Whilst cycling around the island - the best way to travel in these parts - we came across these beautiful rocks sprinkled with a honeycomb of Irish moss and thought what better location to act out a scene of joyful bliss after the labours of hard work with our two models Sarah and Padraic and our trusty companion, Rufus the dog. We love the end result.
Next on our list was to capture the beauty of the stone walls of which the island of Aran is famed for and for which the Trellis stitch was said to be inspired. Although, there are a great number of stone walls to be found on the island, we favoured these high walls filled with grass and character, near the strand of Kilmurvey beach which were built long ago to block out the strong wind from the atlantic seas.

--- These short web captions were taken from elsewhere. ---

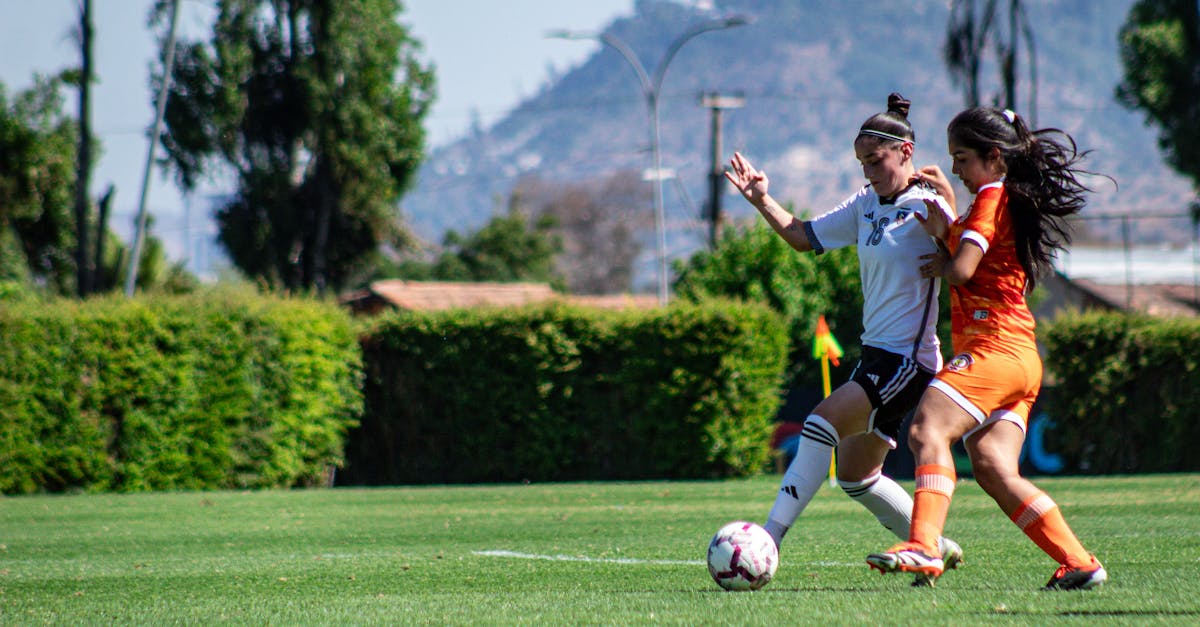 Intense soccer match between female athletes on a green field in Chile.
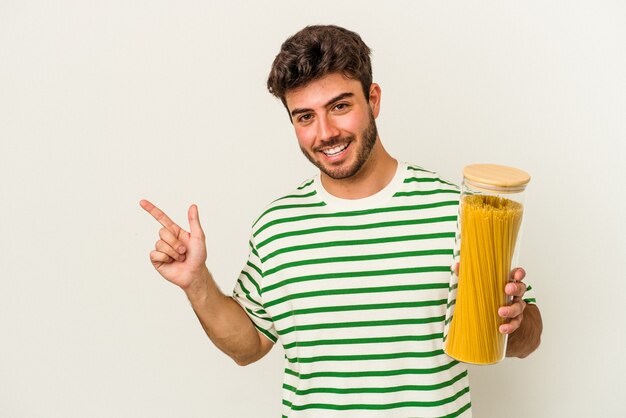 Giovane donna caucasica che tiene il barattolo di pasta isolato su sfondo bianco sorridente e rivolto da parte, mostrando qualcosa in uno spazio vuoto.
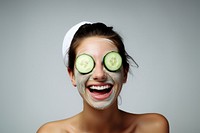 Woman has cucumber slice cover eye portrait smile photo. 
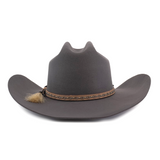 The 6X Doble SS Gris Oxford is a brown felt cowboy hat made from premium sheeps wool, featuring a wide brim, decorative band with tassel, classic pinch-front crease, and stylish upturned sides for that iconic Western look.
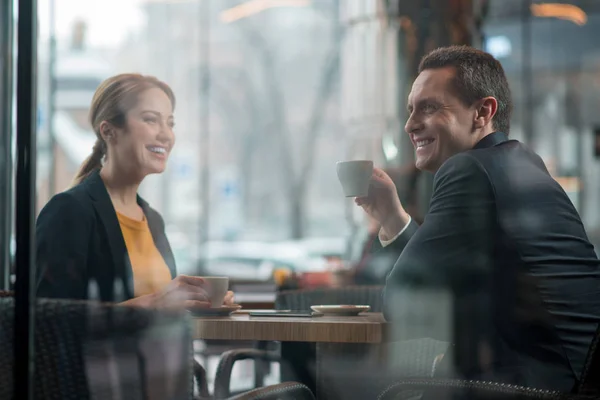 Happy partners tasting cups of coffee — Stock Photo, Image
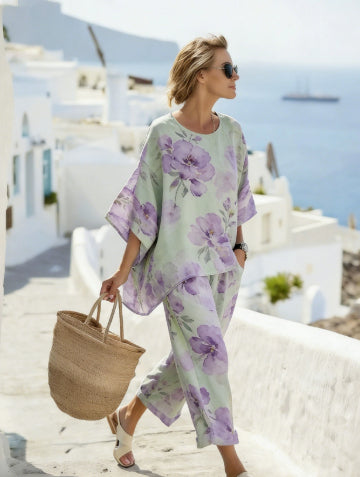 Woman in a floral outfit walking on a sunlit street with white buildings and blue sky.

At this stage the weather gods were not looking favourably upon us, however we weren't going to let a little rain ruin our chances of getting that perfect shot.
Shortly after, we headed down to the deserted shoreline of Kilmurvey beach where we shot our Lattice Stitch Sweater, (inspired by the old Fishermen's baskets) and were left mystified as always by its untouched white sands and turquoise blue waters .
With the rain still threatening as it tends to in these parts, we decided to battle on and make our way up to the north of the island to Pol na bPeist (Worm Hole in english) where lies the most magnificent views of the cliffs of the island. Here we shot the beautiful Chevron stitch sweater. The Chevron stitch is constructed through the pattern of increases and decreases and is said to mirror the formation of the waves that crash against the cliffs around these parts of the island. When we finally reached the perfect point on the cliff face, we didn't want to leave.
Not far from here are the most unique displays of carrageen moss and seaweed, famed for once being used as a source of food and fertiliser in ancient times and the inspiration behind the filler or Moss stitch. With the rain still hailing down upon us, we got our beautiful shot amidst the striking green.
Doing this shoot undoubtedly reminded us of the striking and natural beauty of our home and we hope you've enjoyed it too.
It truly is a wondrous place so if you haven't already graced its shorelines then get booking those tickets as it's definitely one for your bucket list.
That's all for now folks, until next time, slán go fóill,
The Team at the Aran Sweater Market.